According to AMP Capital’s Patrick Ho, further gains will be spurred by Shanghai’s potential inclusion in the MSCI Emerging Markets index, which would spark greater buying by institutional investors such as pension funds.

“If progress with Stock Connect is made quickly enough, the Shanghai Composite could potentially be included for the first time as early as this year, which would prompt a massive influx of passive funds,” Ho was quoted as saying in the Australian Financial Review.

However, analysts at Bank of America Merrill Lynch recently cut their rating on the China bourse from “overweight” to “neutral,” urging investors to take profits.
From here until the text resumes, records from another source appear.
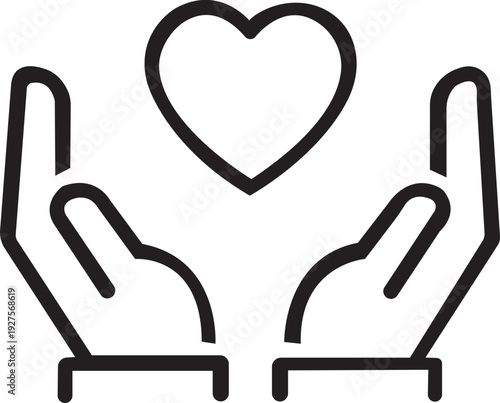 Heart in hand icons set. Hands holding heart icon. Love icon. Health, medicine symbol. Healthcare hands holding heart flat and line style - stock vector. See Less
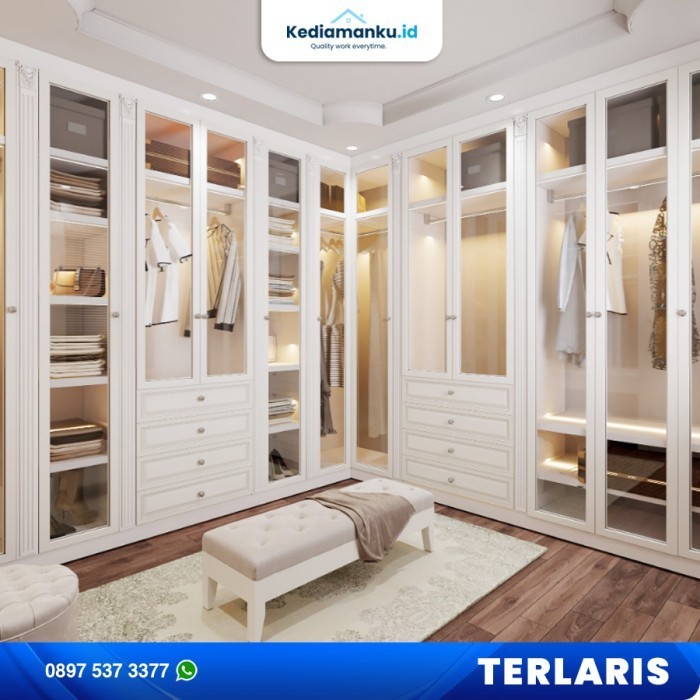 PREMIUM Lemari Baju Pakaian Kayu Custom - Wardrobe Walk In Closet furniture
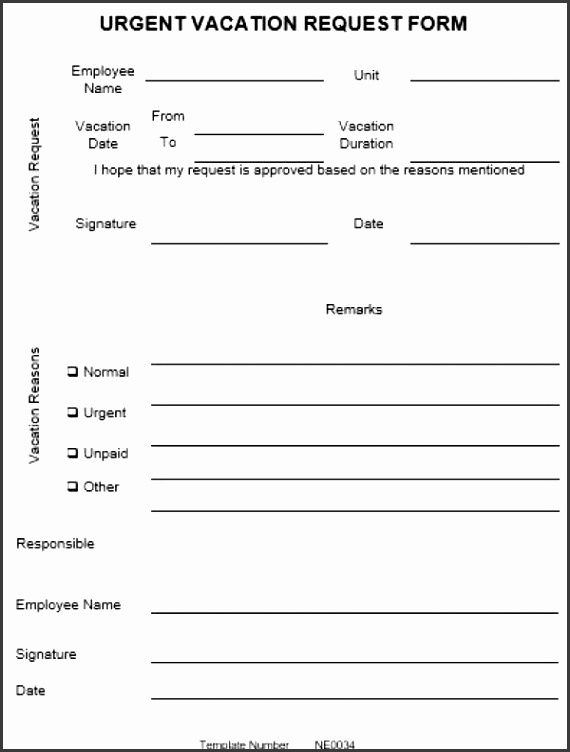 NE0034 Urgent Vacation Request Form Template – English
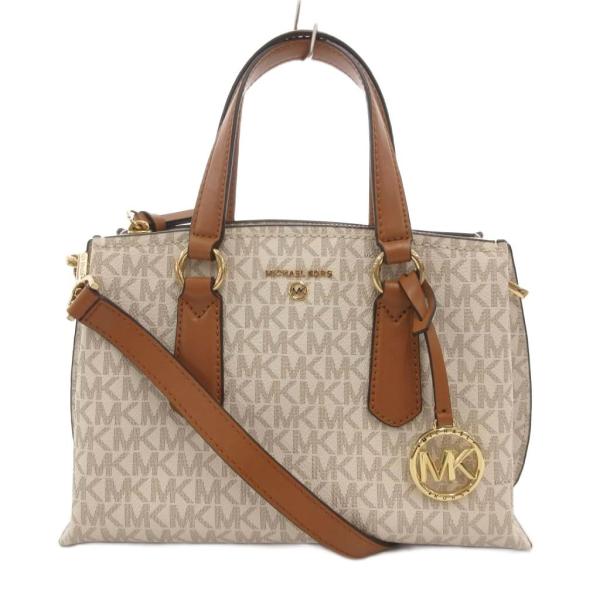 マイケルコース MICHAEL KORS ハンドバッグ ショルダー 2WAY PVC ロゴ 総柄 茶...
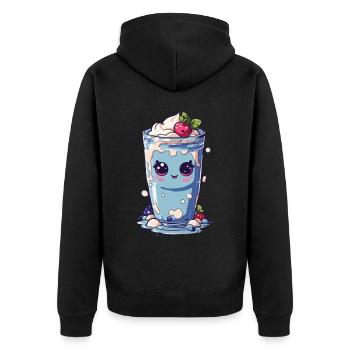 Myrtilles Mignon Milkshake Doux Amusant - Veste à capuche bio Premium Unisexe - noir - Dos - Nico (187cm)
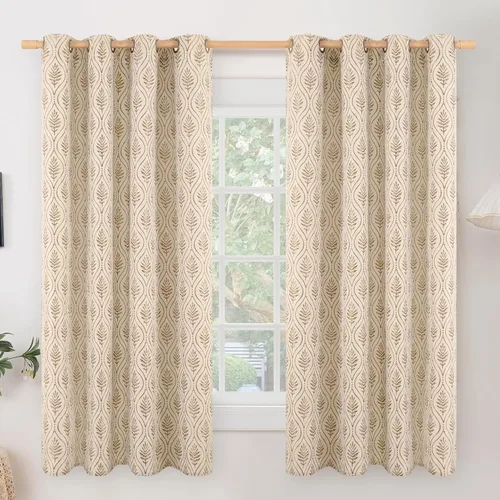 Vista 21 de BGment - Cortinas francesas de campo amarillas mostaza de 63 pulgadas de largo para dormitorio, patrón botánico de jacquard de hojas, estilo rústico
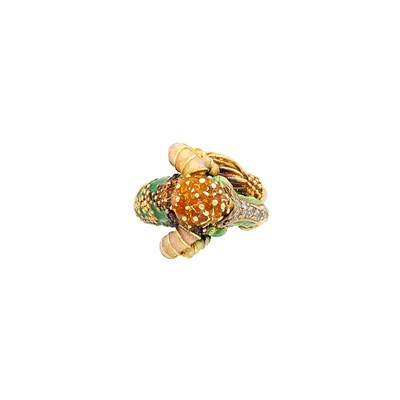 Lot 366 - Gold, Green Enamel and Diamond Ram's Head Ring, Frascarolo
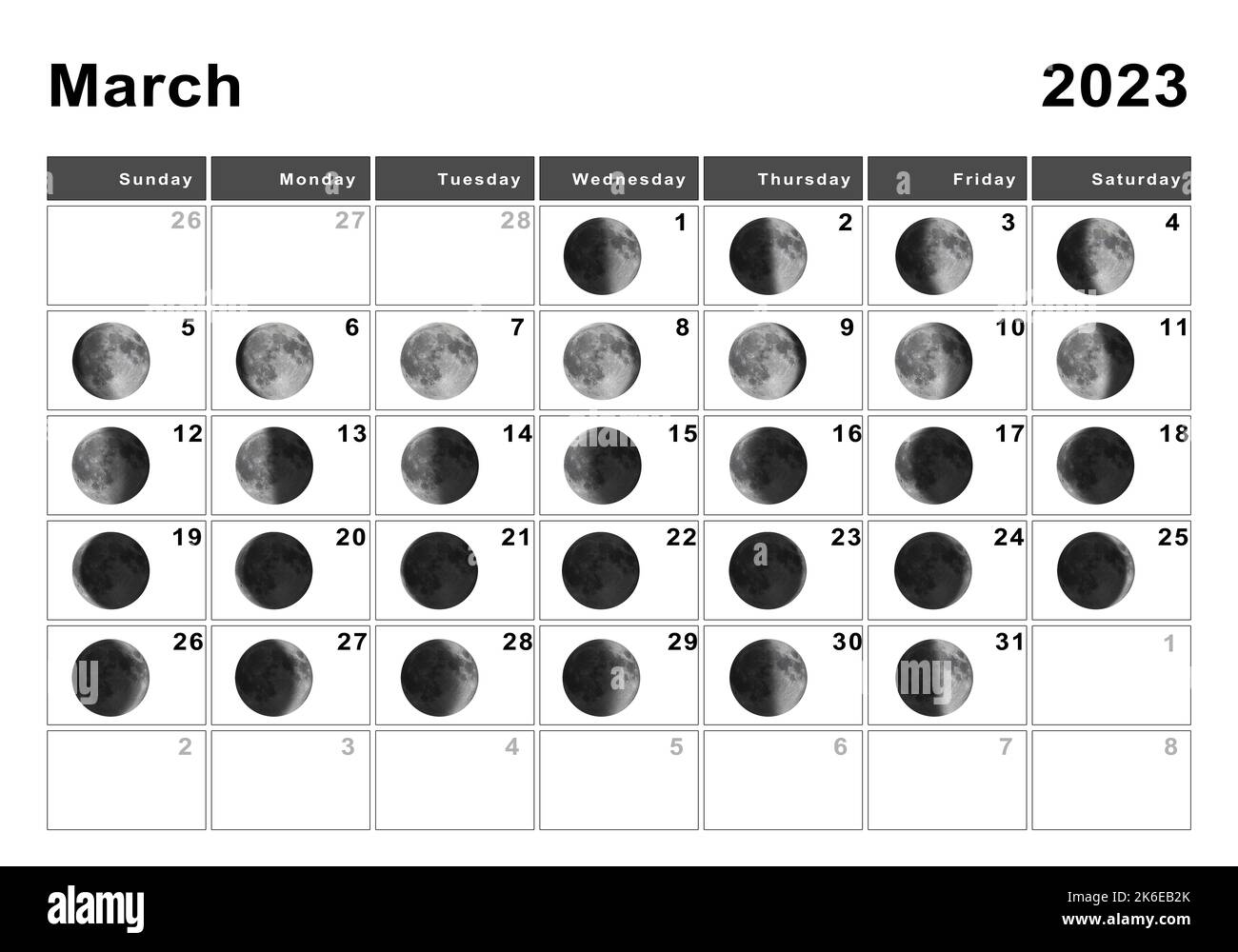März 2023 Mondkalender, Mondzyklen, Mondphasen Stockfoto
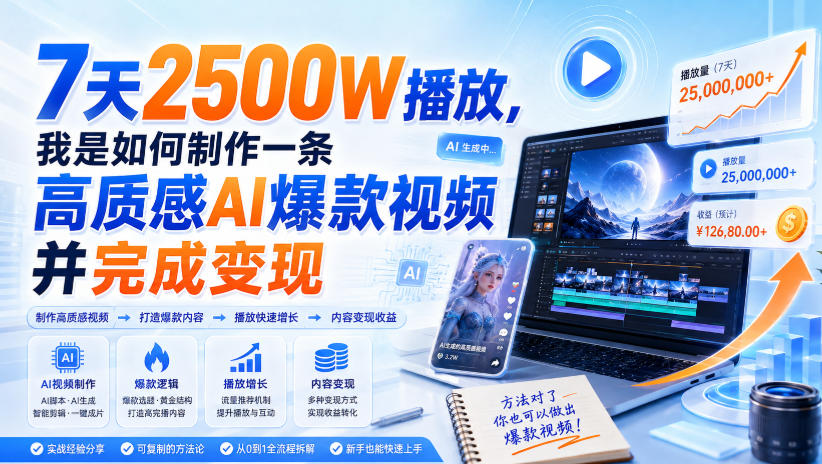 7天2500W播放,我是如何制作一条高质感AI爆款视频并完成变现-摇钱树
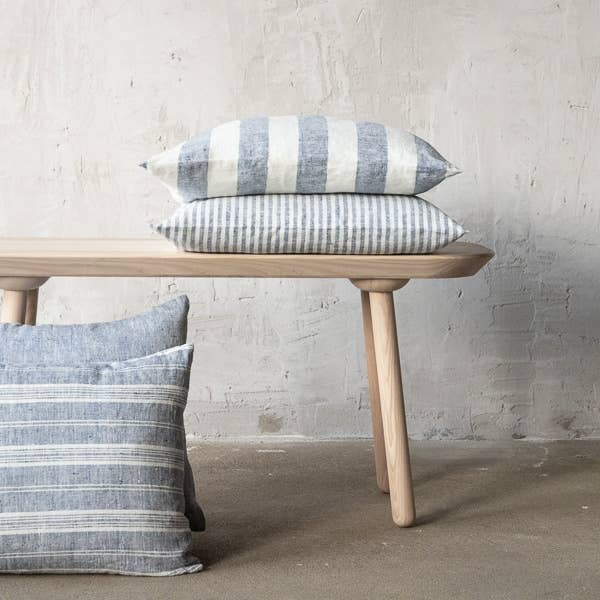 LinenMe - Wholesale Throw Pillow Cover - Linen Cushion Cover Indigo Philippe, Wide stripe Cushion3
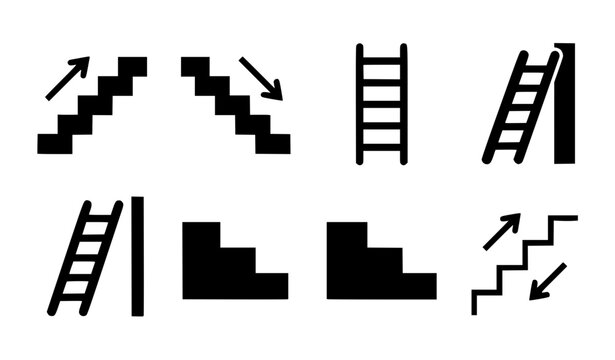 Black and white stairs ladder and vertical movement icon collection featuring ascending and descending architectural symbols vector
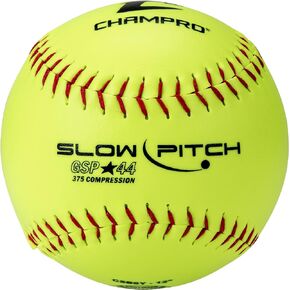 Champro Game ASA Slow Ptich .44 COR, 375 Compression, Poly Synthetic Cover, Red Stiches (Optic Yellow, 12-Inch), Pack of 12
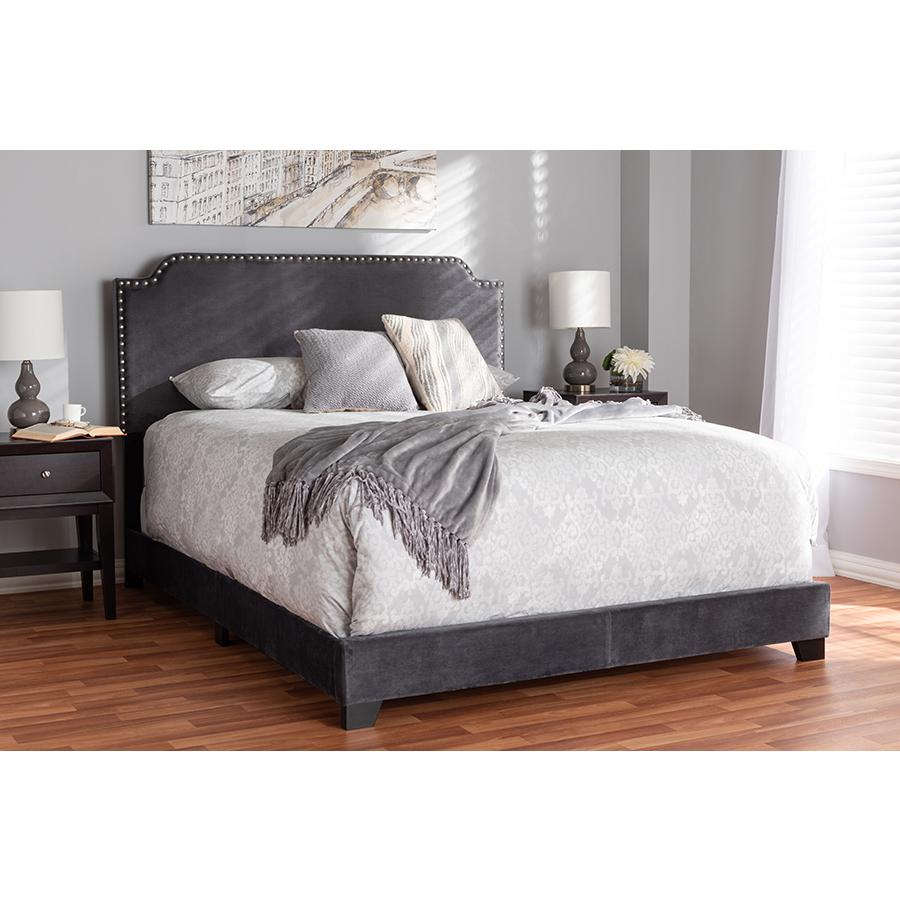 Baxton Studio Darcy Luxe and Glamour Dark Grey Velvet Upholstered Queen Size Bed. Picture 6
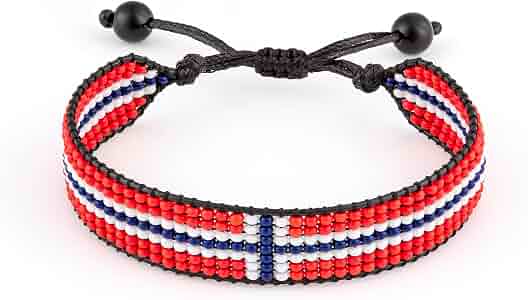 Amazon.com: FAHARI Norway Flag Bracelet: Handmade, Adjustable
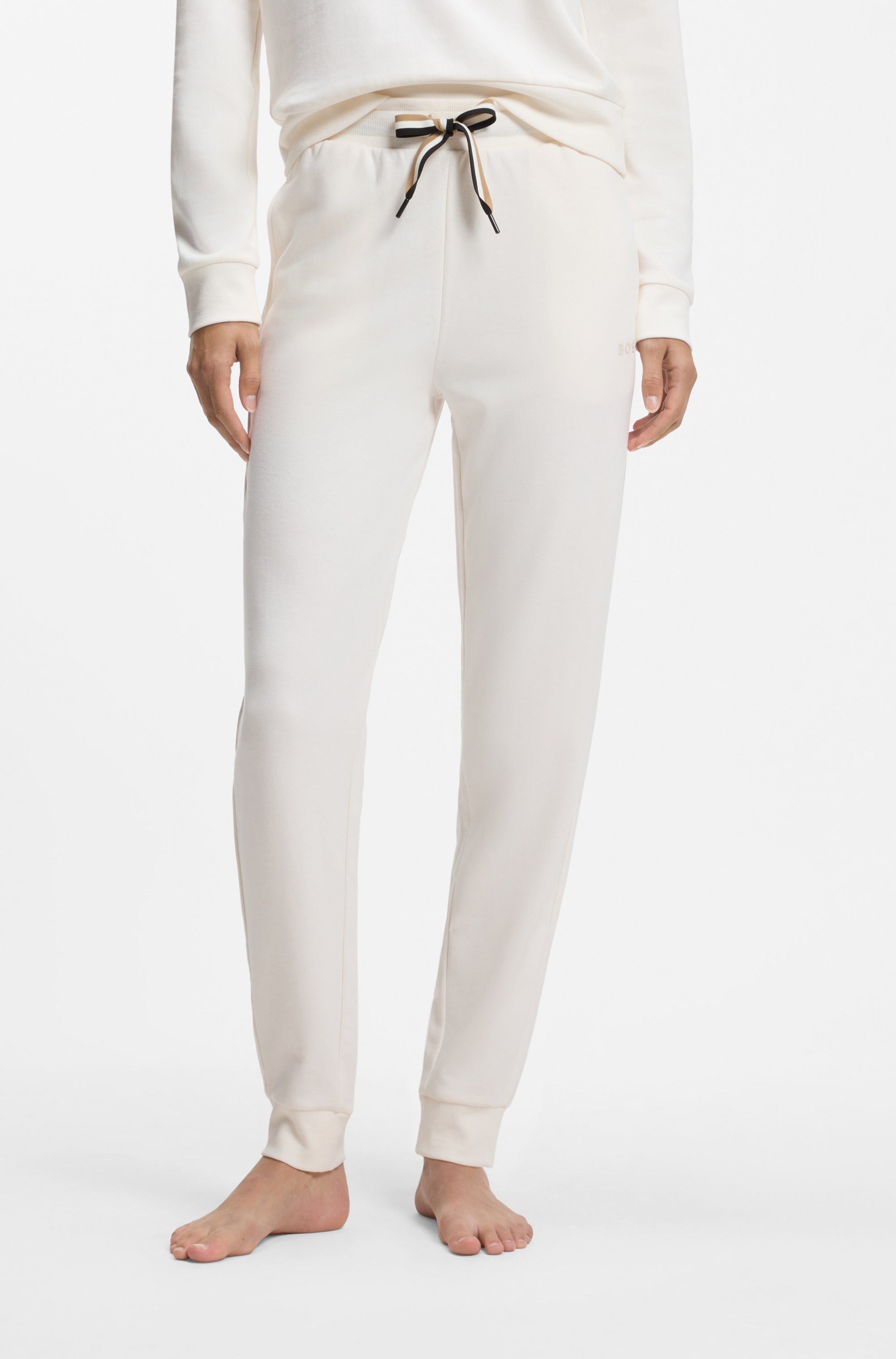 BOSS Relaxhose CP Stripe_Pants Cuff mit kontrastfarbener Kordel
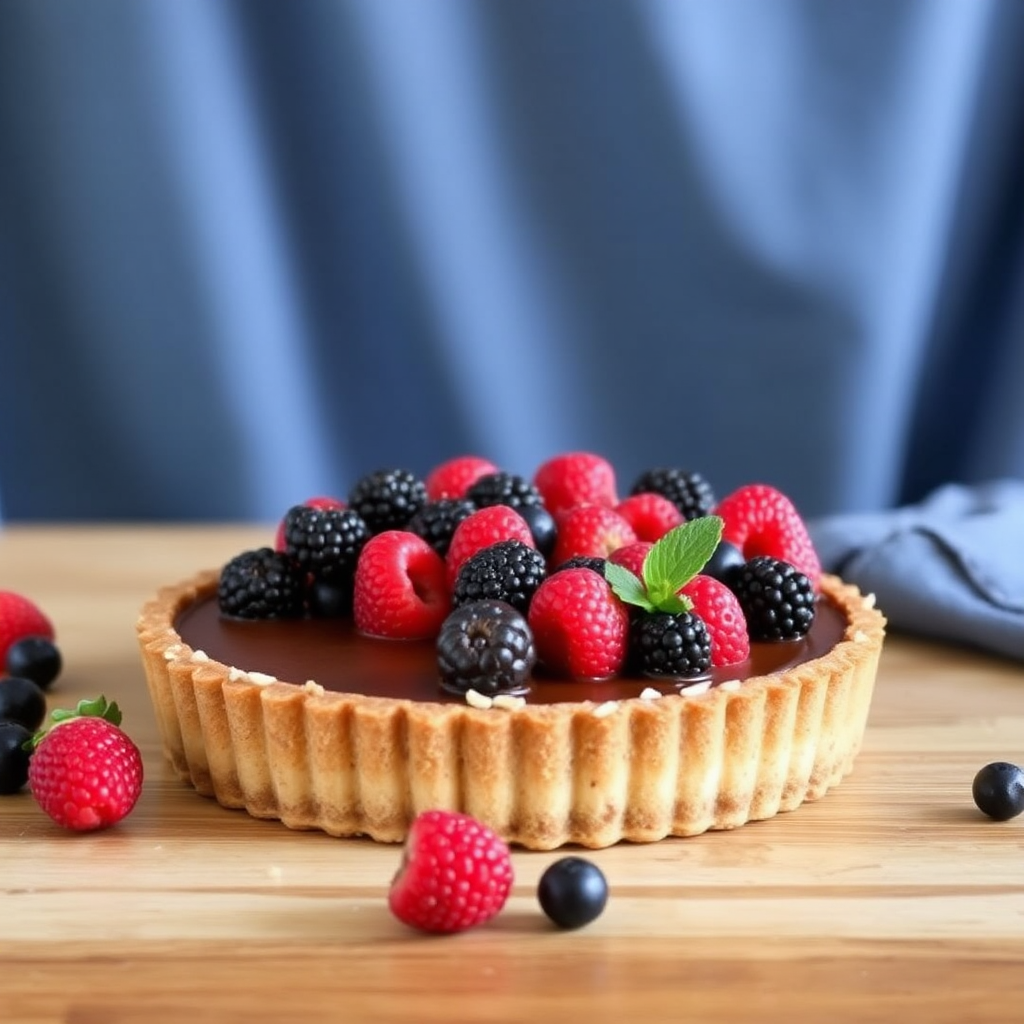 Chocolate Mousse Tart with Fresh Berries and Almond Crunch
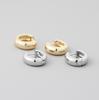 Gold-Plated White Circle Ear Cuffs - Elegant, Sleek Design Earrings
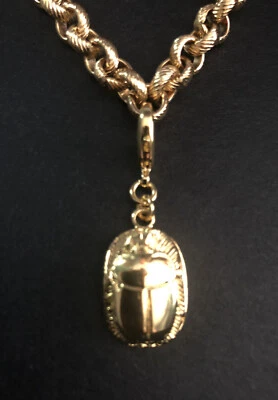 BEN AMUN 24K Gold Plated Scarab *Good Luck For All Heart Desires* Stamp Charm - Image 1 of 4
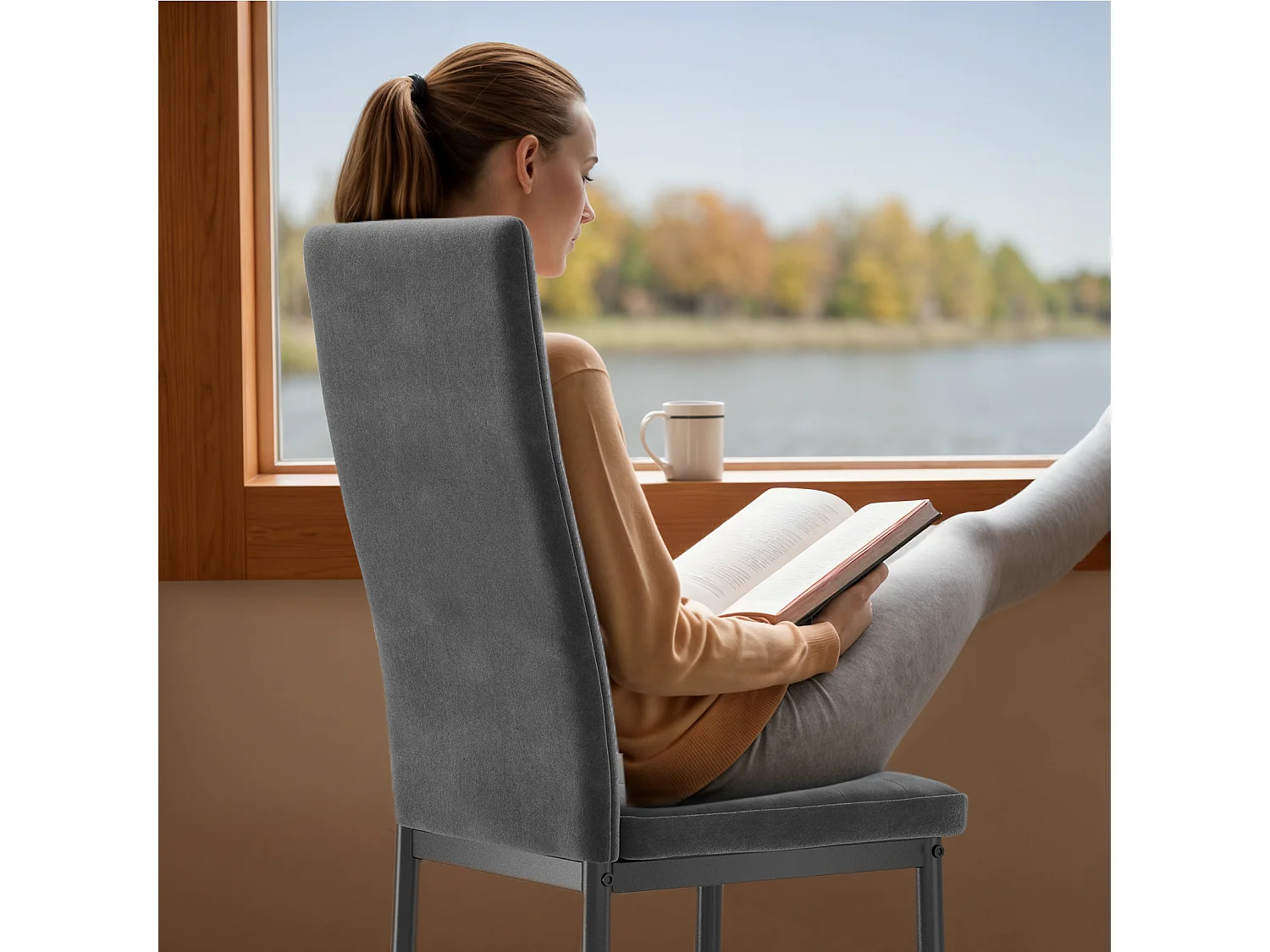 Bealife 6 Chaises Salle à Manger Lot de 6 Chaises de Cuisine Siege Rembourre en Tissu Velours Patte Metal Pied en Caoutchouc Gris Foncé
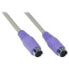 InLine PS/2 Cable male / male grey with purple plug 2m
“China’s real interest rates remain too high, the currency is too expensive, fiscal policy is tight, and debt deflation is taking hold,” the analysts said.

“We are now concerned that the scale of monetary/fiscal easing required in China is so large, and so radically different from where policymakers’ assessments are, that an overweight [rating] is no longer tenable.”

A famous Wall Street saying warns: “When even the shoeshine boy [or taxi driver] is giving stock tips, it’s time to sell.” According to Beijing media, “even the cleaning lady” has now opened an account to trade shares.

Chinese investors do not have far to look when seeing the consequences of an overinflated stockmarket. On December 29, 1989, Japan’s Nikkei reached its all-time high of 38,916, with even “cautious predictions” from analysts expecting it to end 1990 above 45,000. Having expanded sixfold during the 1980s, the Nikkei tumbled all the way back down to 7,054 in 2009, only recently regaining a level nearly half its 1989 peak.

For now though, both Beijing and China’s millions of new stock investors will be hoping that their boom proves far longer lasting.